Entre os condenados do núcleo político, onde encontra-se disposto este item do julgamento, estão o ex-ministro da Casa Civil José Dirceu, o ex-presidente do PT José Genoino, o ex-tesoureiro Delúbio Soares e o empresário Marcos Valério. A maioria dos ministros entendeu que eles cometeram corrupção ativa ao esquematizar o desvio de recursos públicos que, misturados a empréstimos bancários fraudulentos, foram utilizados para a compra de parlamentares. O objetivo era garantir a aprovação de matérias de interesse do governo na Câmara dos Deputados, como a reforma da Previdência. Alguns ministros apontaram que isso fazia parte de um projeto de permanência no poder e expansão do PT.

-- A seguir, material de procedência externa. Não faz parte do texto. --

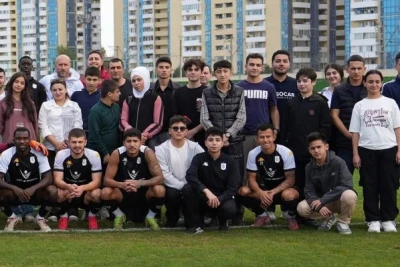 "Neftçi" futbol klubu şəhid və qazi övladlarını qəbul etdi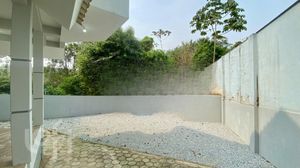 Image 15 - 728689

Através da assessoria de comunicação, o prefeito afirmou que irá se posicionar somente ao final do julgamento da ação penal. Isso porque ele ainda responde por crime de lavagem de dinheiro, último item a ser julgado pela Corte.
Porém, nesta quarta-feira, ele irá emitir nota à imprensa sobre esta segunda fase que ainda tem que enfrentar no STF. AA já havia declarado, através da Rádio JM 730kHz, que sempre considerou “absurda” a acusação, lembrando que houve um julgamento prévio pela sua condenação. Ele ainda colocou como expectativa ser absolvido por unanimidade – o que pode ser confirmado hoje com os dois votos de Celso Mello e Ayres Britto.